/pdf-text-reader

Dead simple pdf text reader

Primary LanguageTypeScript

PDF Text Reader

Dead simple PDF text reader.

Install

npm install pdf-text-reader

You'll probably get peer dependency warnings. You are safe to completely ignore these. You only need them if you want to use pdf.js's more complicated specific types. To do that just install the correct version (as per the warning) of the pdfjs-dist package. Installing it is completely unnecessary if you're simply reading PDFs from file paths or URLs.

Usage

import {readPdfText} from 'pdf-text-reader';

async function run() {
    const pages = await readPdfText('path/to/pdf/file.pdf');
    console.log(pages[0].lines);
}

run();

See src/index.ts (in the git repo) or dist/index.d.ts (in the npm package) for detailed argument and return value typing.

Details

This uses Mozilla's pdf.js through the pdfjs-dist npm package. As such, any valid input to pdf.js's getDocument function are valid inputs to this package's readPdfText function. See pdfjs-dist in DefinitelyTyped for info on that or, for just the type information, read src/index.ts in this repo.

This package simply reads the output of pdfjs.getDocument and sorts it into lines based on the text vertical position in the document. It also inserts spaces for text on the same line that is far apart horizontally and new lines in between lines that are far apart vertically.

Example:

The text below in a PDF will be read as having spaces in between them even if the space characters aren't in the PDF.

cell 1               cell 2                 cell 3

The number of spaces to insert is calculated by a naive but extraordinarily simple calculation of Math.ceil(distance-between-text/text-height).

Low Level Control

If you need lower level parsing control, you can also use the exported parsePageItems function. This only reads one page at a time as seen below.
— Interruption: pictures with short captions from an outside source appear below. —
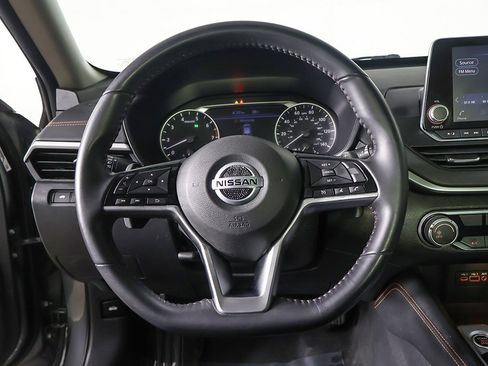 Used 2020 Nissan Altima 2.5 SR image 34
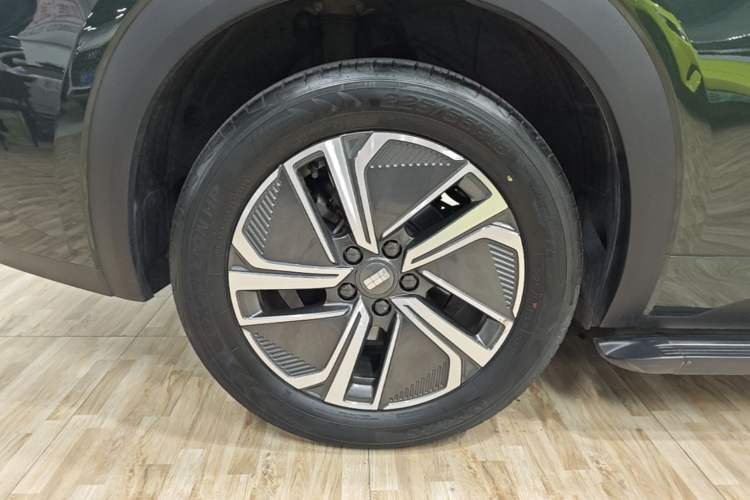 Used Geely Galaxy Xingjian 7 EM-i 2025 120km Exploration+ Version Right Rear Wheel Hub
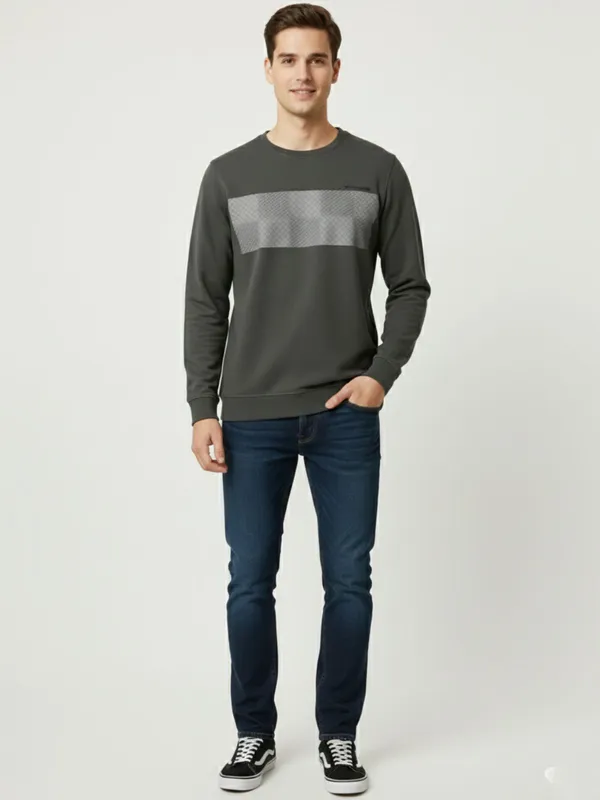 Grey_Cotton_Blend_Pre_Winter_Sweatshirt_For_Men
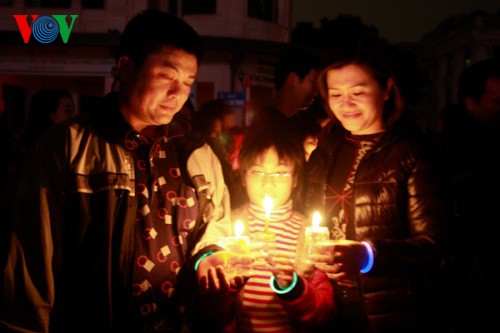 60 minutes sans lumière électrique à Hanoi - ảnh 10
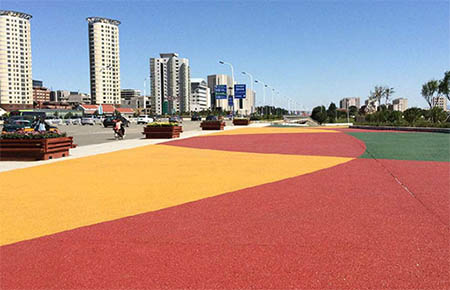 彩色防滑(耐磨)路面能否使用環氧樹脂涂料？有什么特點？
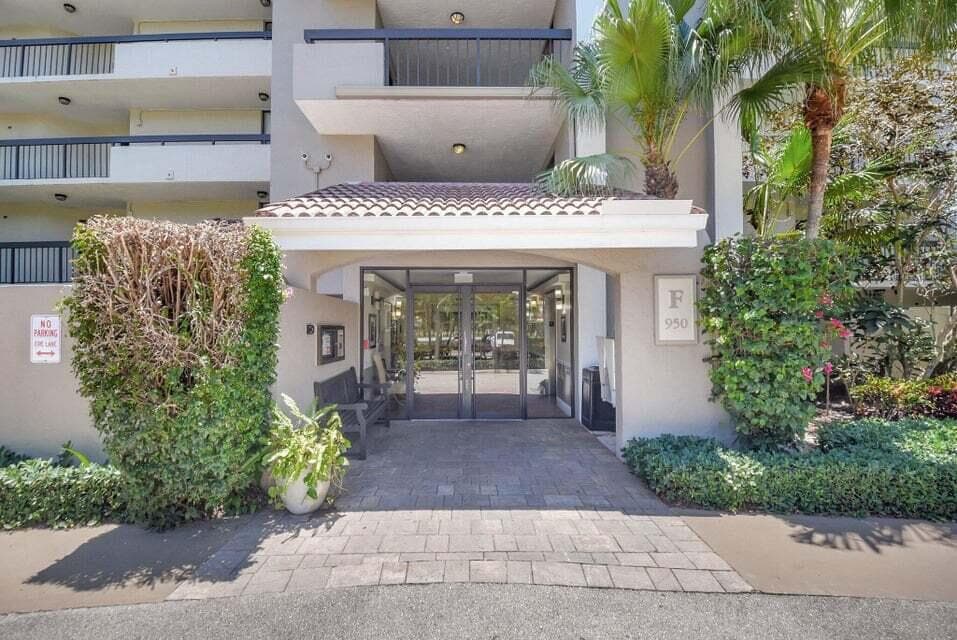950 Lavers Circle F309, Delray Beach, FL 33444 — photo 38 of 39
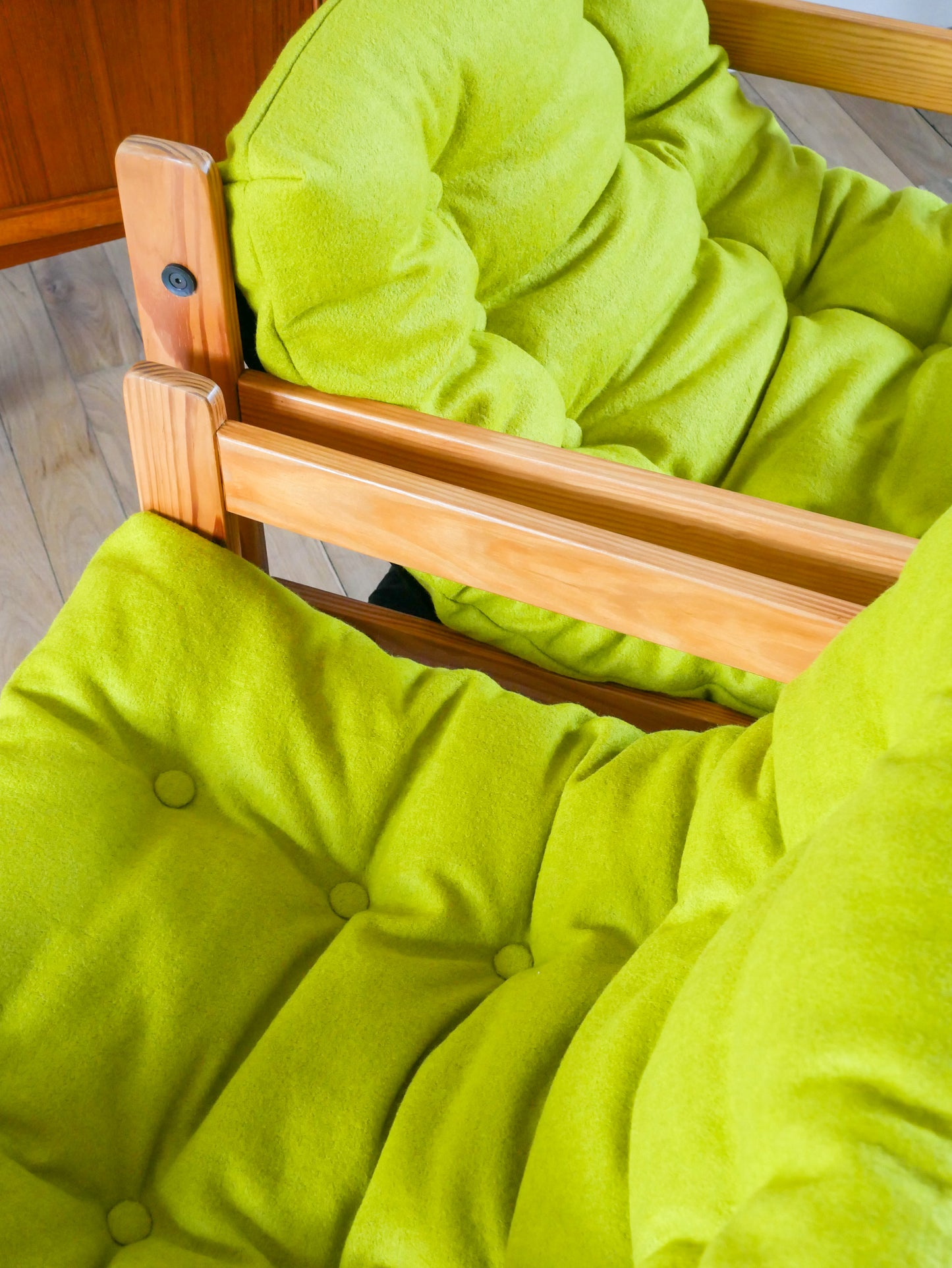Paire de chauffeuses en pin et laine bouillie, Vert Matcha, 1980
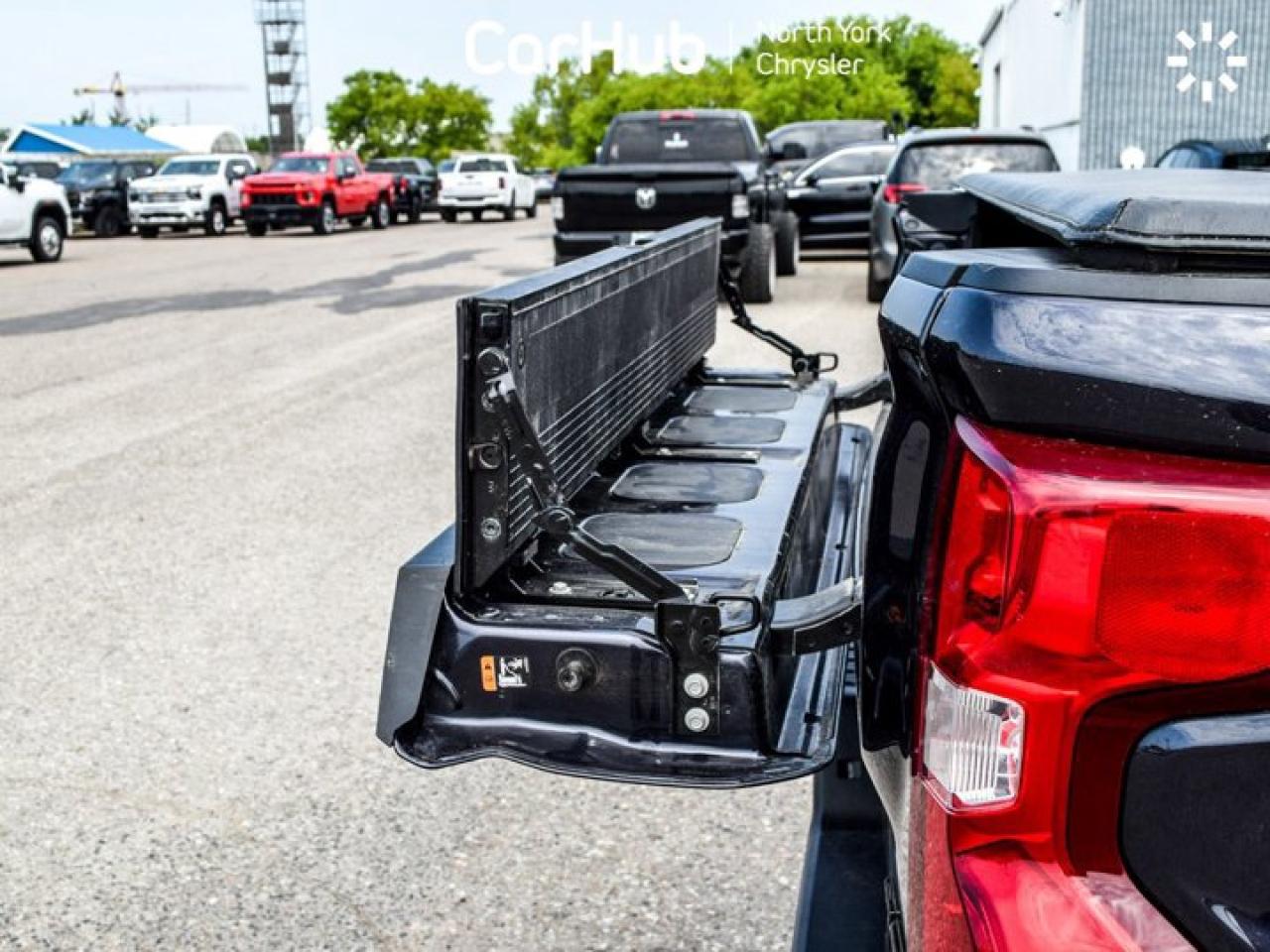 2023 Chevrolet Silverado 1500 RST Photo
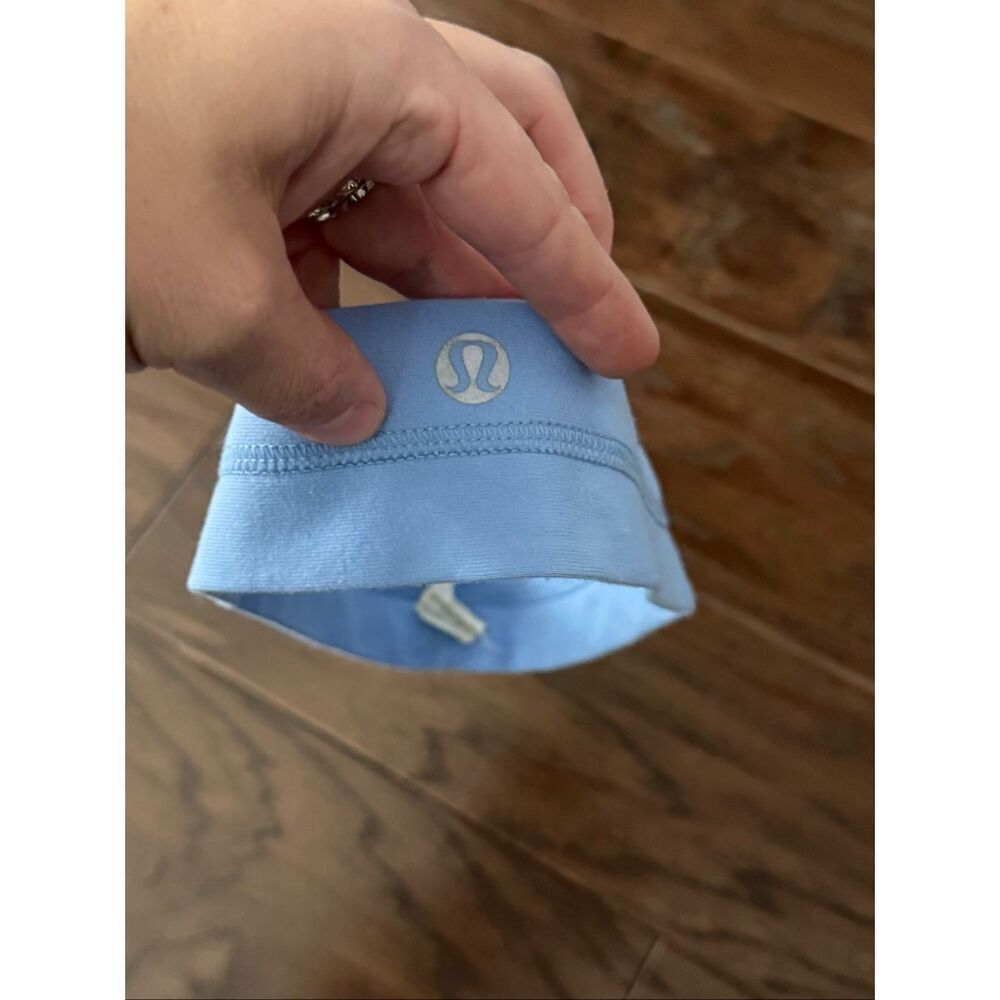 ⭐️3 for $10⭐️ Lululemon Light Blue Headband - Picture 3 of 3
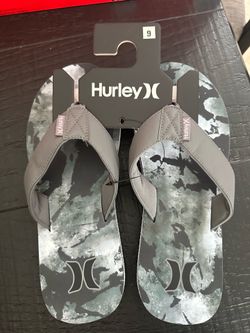 New Men’s Size 9 Hurley Flip Flops…Price on tag $30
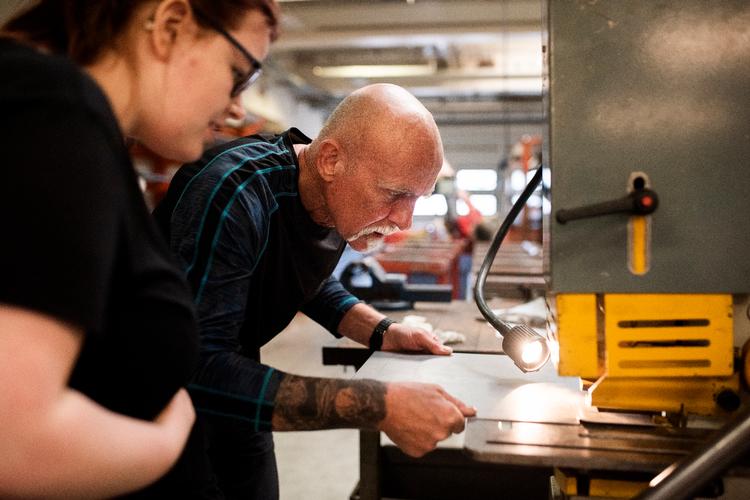 Finn Sønnik underviser grundforløb 1 & 2 på klejnsmed linjen på Mercantec Viborg. I dag tildeles han en særpris for at undervise med innovation og kreativitet i højsædet.  Foto: Janus Engel/FREELANCE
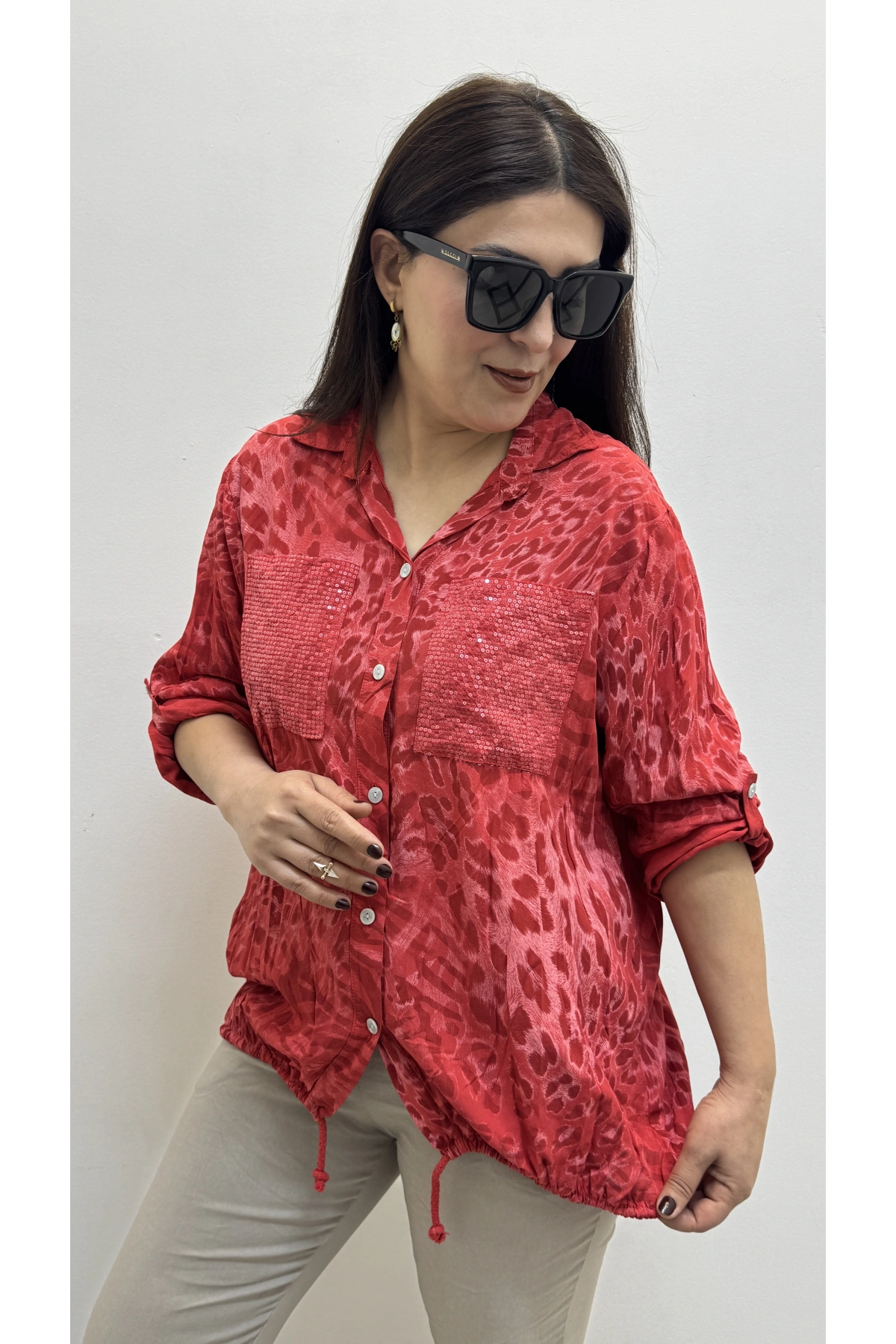 Etek Ucu Bağlamalı Payetli Leopar Desenli Kırmızı İthal Gömlek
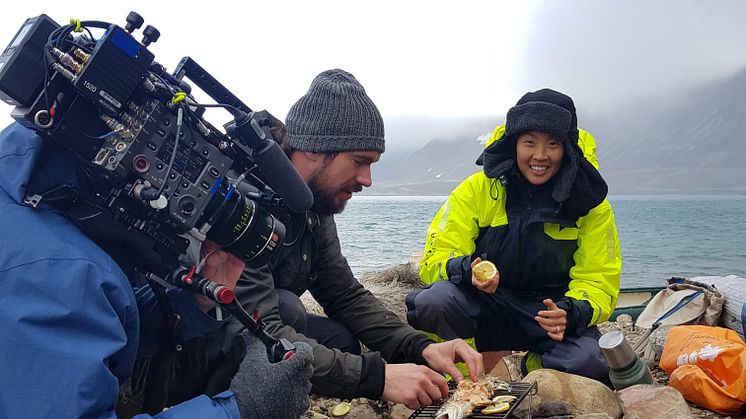 Kristen Kish og Rogier Jansen fangster og foredler arktiske råvarer i National Geographics nye serie "Restaurants at the End of the World".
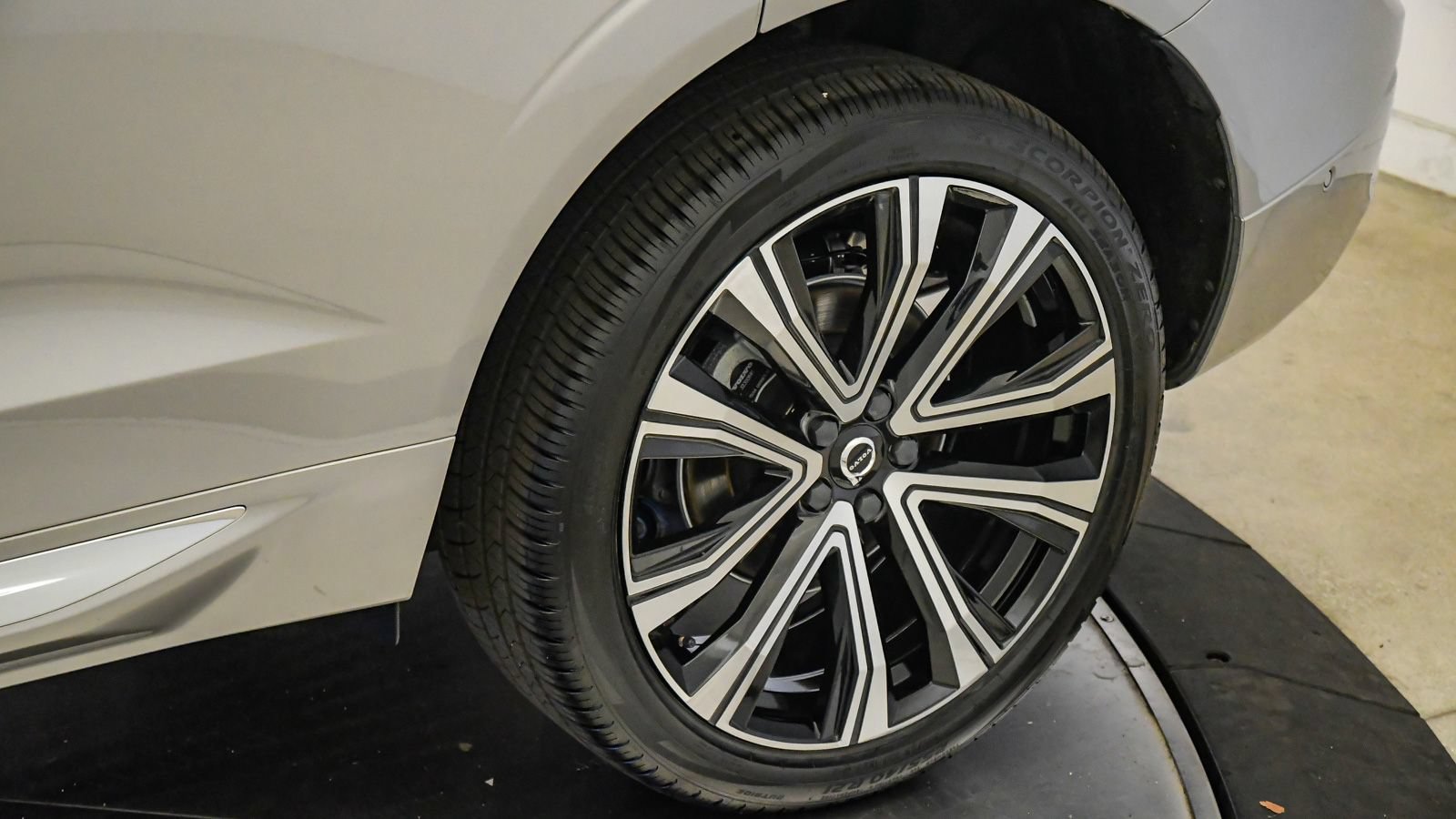 Certified 2023 Volvo XC60 B5 Ultimate w/ Climate Package FWD image 11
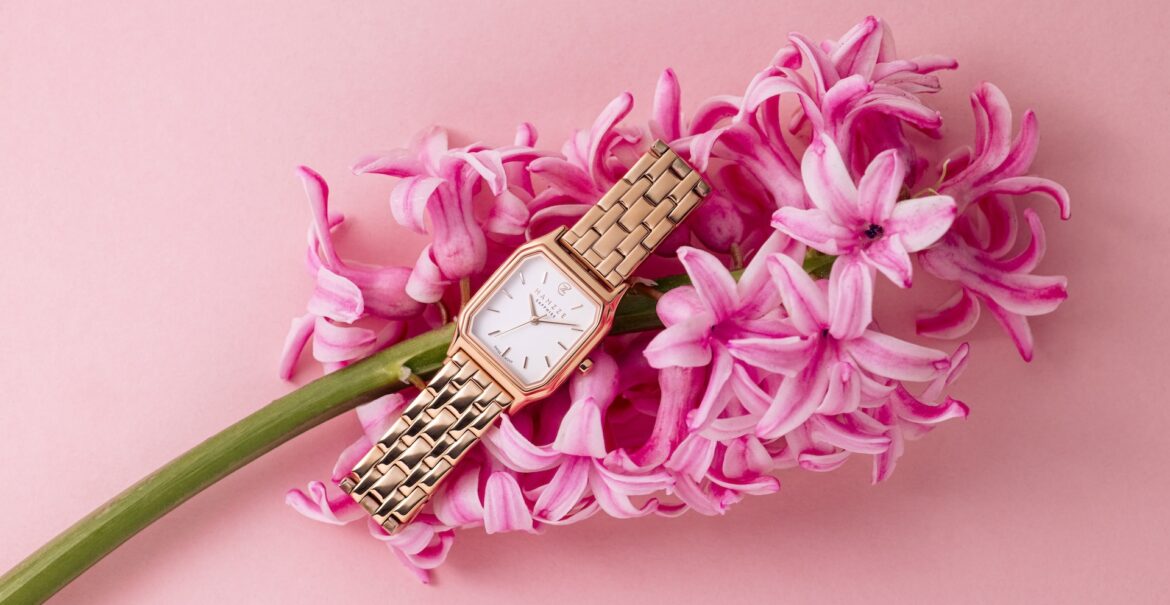 Złoty czy srebrny? Wybierz zegarek damski idealny dla siebie Złoty czy srebrny? Wybierz zegarek damski idealny dla siebie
This function is used by readPdfText so the output will be identical for the same pdf page.

You must also have the pdfjs-dist npm package to use this.

import {parsePageItems} from 'pdf-text-reader';
import * as pdfjs from 'pdfjs-dist';

async function run() {
    const doc = await pdfjs.getDocument('myDocument.pdf').promise;
    const page = await doc.getPage(1);
    const content = await page.getTextContent();
    const items = content.items;
    const parsedPage = parsePageItems(items);
    console.log(parsedPage.lines);
}

run();

See src/index.ts (in the git repo) or dist/index.d.ts (in the npm package) for detailed argument and return value typing.